Education guide
Hard-Shell vs. Soft-Shell Hyperbaric Chambers: A Plain-Language Comparison
Last reviewed: May 20, 2026
The two main kinds of hyperbaric chamber differ in pressure, the oxygen they deliver, how they're regulated, and what they cost. Here's a clear, balanced comparison to help you understand the landscape before you choose a provider.
This article is general information, not medical advice. It does not recommend hyperbaric oxygen for any condition. Speak with a physician about whether hyperbaric oxygen is appropriate for you.

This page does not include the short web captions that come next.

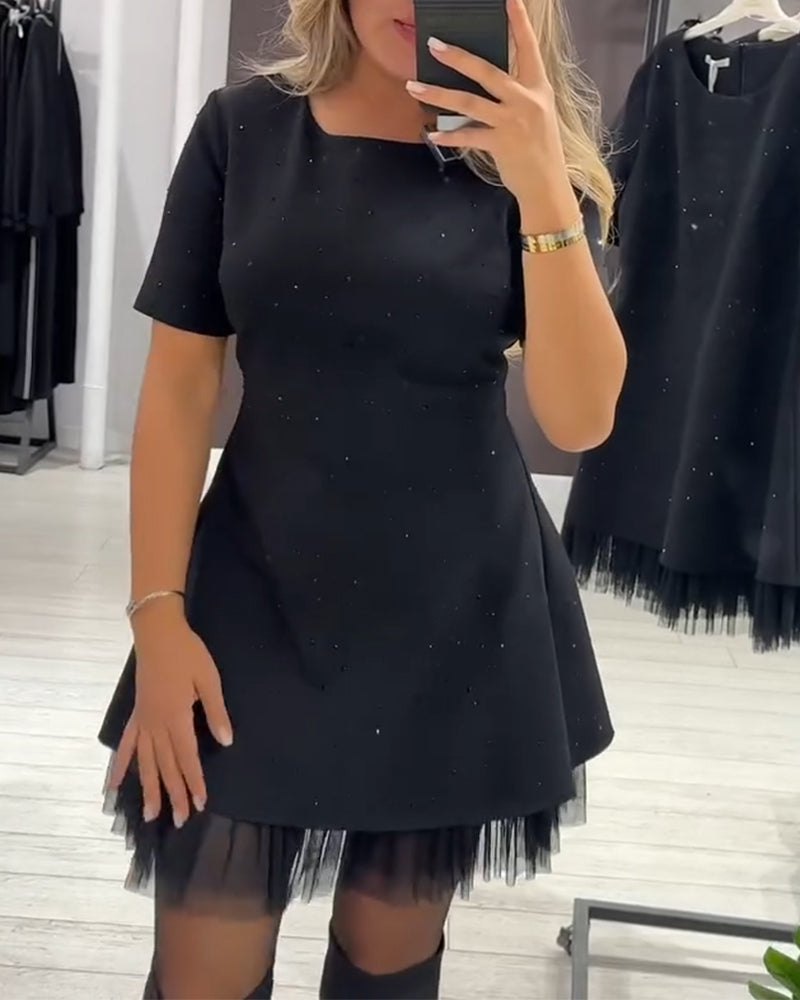 Helisanya - Robe Patchwork Schitterend Elegant
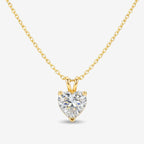 Fiorisse | Heart Cut Pendant Necklace for Women - Gold Delicate Elegant Romantic Fit-Necklaces-Gold-Camoufit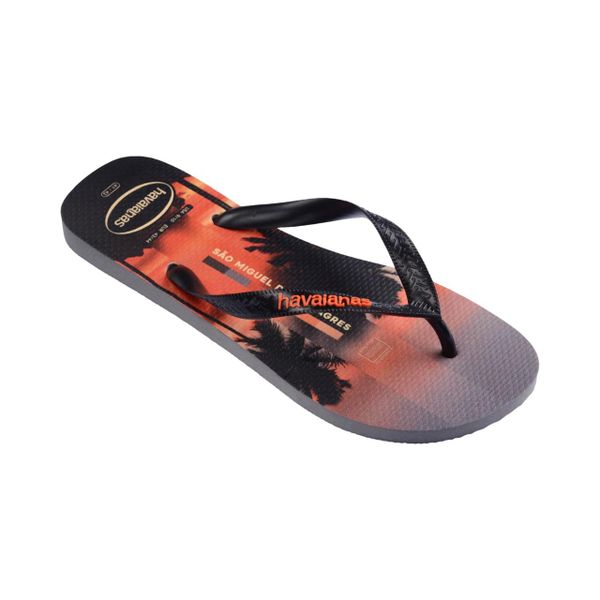 Havaianas Men's Flip Flops - Top Surfer Style. Black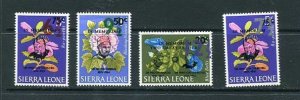 Sierra Leone Flowers Overprint Churchill and Margai MNH 10646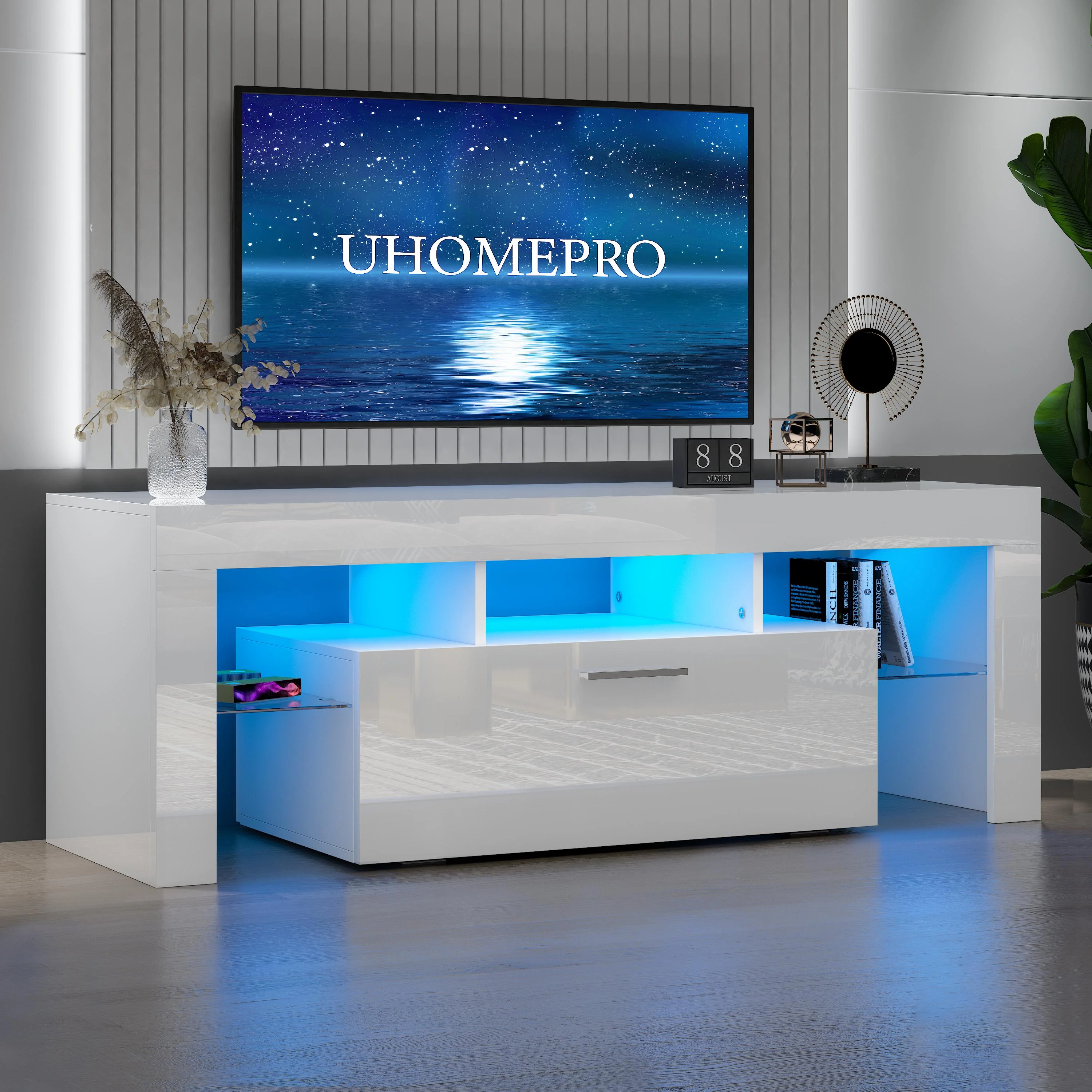 UHOMEPRO TV Stand for TV up to 70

Hard-Shell vs. Soft-Shell Hyperbaric Chambers: A Plain-Language Comparison
If you’ve started looking into hyperbaric oxygen, you’ve probably noticed that “hyperbaric chamber” can mean two quite different things. There are rigid, clinic-grade hard-shell chambers, and flexible, portable soft-shell (often called “mild”) chambers. They look different, they work at different pressures, they’re regulated differently, and they’re used by different kinds of providers for different reasons.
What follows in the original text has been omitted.